What are some key things lawyers can do to become more effective in defending clients?

 Quit being a lawyer, and quit trying to ‘get anywhere’.  Don’t answer the government.  Find the story of your case and keep telling it.  When they answer you, you are winning.

 When we start to understand people as people - with acceptance that all of their actions come from their life experiences - we expand our ability to help others see the injustice in a situation as we do.  Separate the person from their behavior, and focus our and jurors’ attention on correcting the wrongs that flow from the bad behavior.  It is the fair thing to do.

 Acceptance, fairness and credibility will take you much farther toward justice.

 Understand that the jurors are your only salvation, so at trial they are the most important; and we can only help the accused by helping the jurors get what they need.  Find out what is important to them, not what you have decided should be important to them!

Please describe an interesting or unusual case, or two, illustrating successful techniques.

 An integral part of the preparation process is re-enactment of critical scenes – not just of the events giving rise to charges, but also other ‘back story’ moments that flesh out the ‘who’ and ‘why’ of what’s going on.

 A case that taught me to work through re-enactments with the accused and witnesses early and often was a case where we waited until the day before trial to do it.  Though we had interviewed James many times, it was not until acting it all out in preparation for testimony that we heard – for the first time – about the tall thin African-American man, in a blue v-neck sweater and gray slacks, with a red and white gym bag between his feet, a quart bottle of malt liquor in a paper bag, and a box of chicken on his lap.

 This man was not in any police report.  No name, no statement from him, nothing.  James had never mentioned him to us.  But re-enactments help us access memories that don’t come to us any other way.  And suddenly James was telling us he had just remembered this guy.

 In this case, James’ guilt or innocence depended entirely on what he said to a teenage girl who for a few moments was standing behind the bus bench James and the man were sitting on.  If, as the detective claimed, James had told her to ‘go ahead and make the sale’, James was guilty.  If, as James claimed, James had told her to ‘get the hell away from us’, he was innocent.
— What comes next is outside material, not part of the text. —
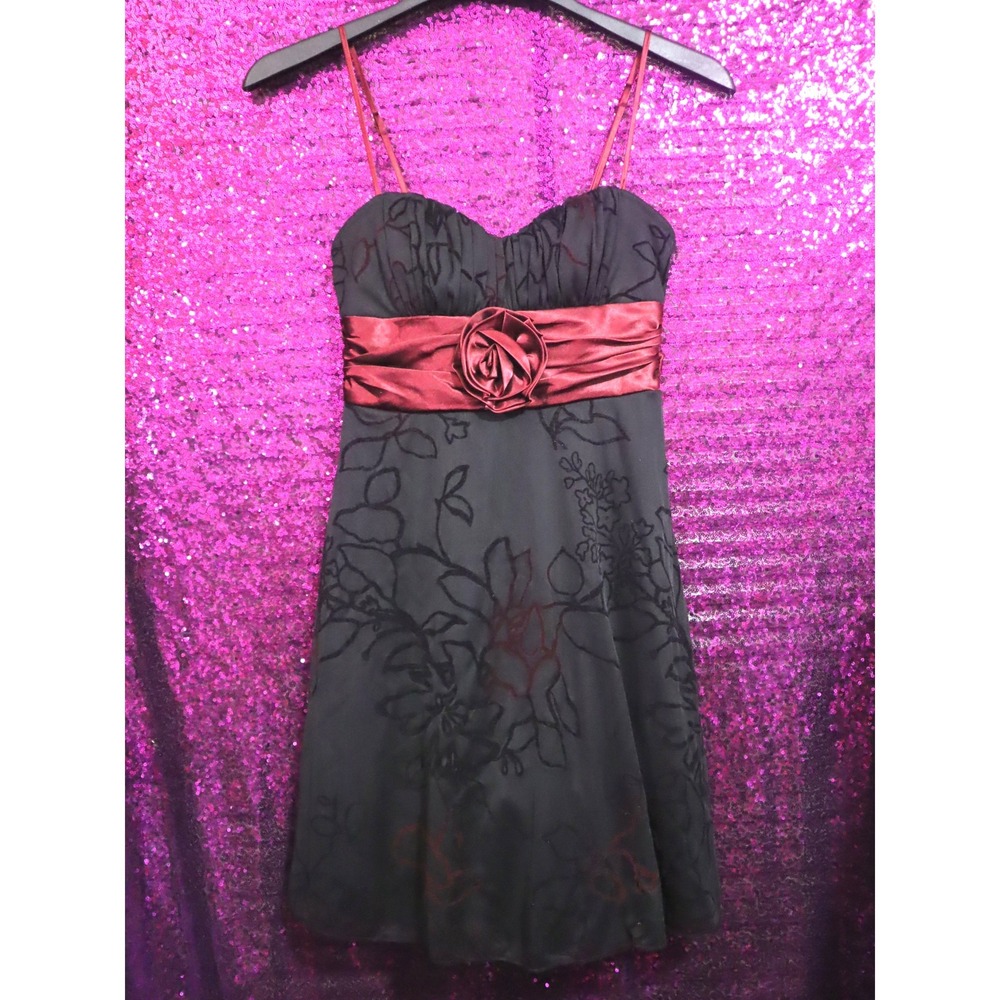 Black Red Rose Print Dress XS Speechless Juniors Velvet Floral Satin Sash Rose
 The detective claimed he heard what James said, from about 50’ away, inside a running car, when James turned away from him to speak to the girl.  The man on the bench was less than a foot away, on the side where James turned to speak, and had no bias or interest in the case.  Of course we would never find him, even had there been time to look.  But it was this missing witness, who the police didn’t even bother to ask his name, that was the key to the case and the best evidence.  No juror would forgive the police sending him away without a thought to his being the best witness.

 Not guilty.  3 1/2 minutes.  Jurors created a committee to meet with James after the trial and get him in a literacy and job training program so this would never happen to him again.  My favorite after-trial action by a jury ever! 
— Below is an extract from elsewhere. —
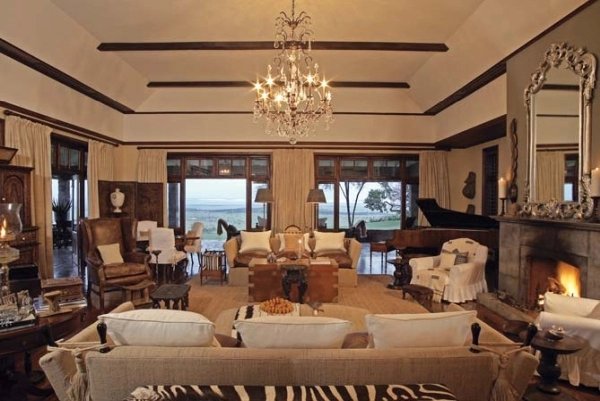 Main lounge in the Manor House at Singita Sasakwa Lodge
 They were moved to do this after we revealed in trial that James was at that bus stop on that day because he used to work at the chicken joint on that corner.  The police didn’t believe his reason for being there, and it was part of why they thought he was in on the crime.  James had told them he walked close to a mile from a friend’s house to take the bus home, because he knew how to get home from there.  He didn’t take a bus from any of the stops closer because he was illiterate, and too ashamed to ask for help or directions about what bus to take.  His ability to be vulnerable and admit that in trial was part of what made him believable, and triggered the jurors’ compassion.

 And that leads to the other biggest thing: honesty.  Brutal honesty.  If we do not remain credible every second, we lose. 

 In a case on which I consulted recently, the accused’s acquittal on conspiracy to commit murder was directly connected to his willingness and ability to admit in his testimony that he did believe he was joining a conspiracy to transport and sell drugs [he was not charged with that].  He did not know of and did not intend to join a conspiracy to kill anyone, and specific intent to kill is required.  His honesty about how and why he agreed to do what he did bought him credibility points on the things he denied.  He was acquitted.  His co-defendant, who had hired him, was convicted on all counts.

What trends, good or bad, do you see in our criminal jurisprudence?

 I guess this is the moment for the ‘old fart’s lament’ that back in the day we had a Constitution that counted for something . . . and now we have to fight so hard just to get past ‘it’s a technicality’.

Do you have any suggestions for new lawyers?

 Same as my suggestions for ALL lawyers.

 Work with other people.  Don’t rely on just your own ideas and judgments.  We all get too caught up in our own view of things, and then become blind to what the jurors see and need.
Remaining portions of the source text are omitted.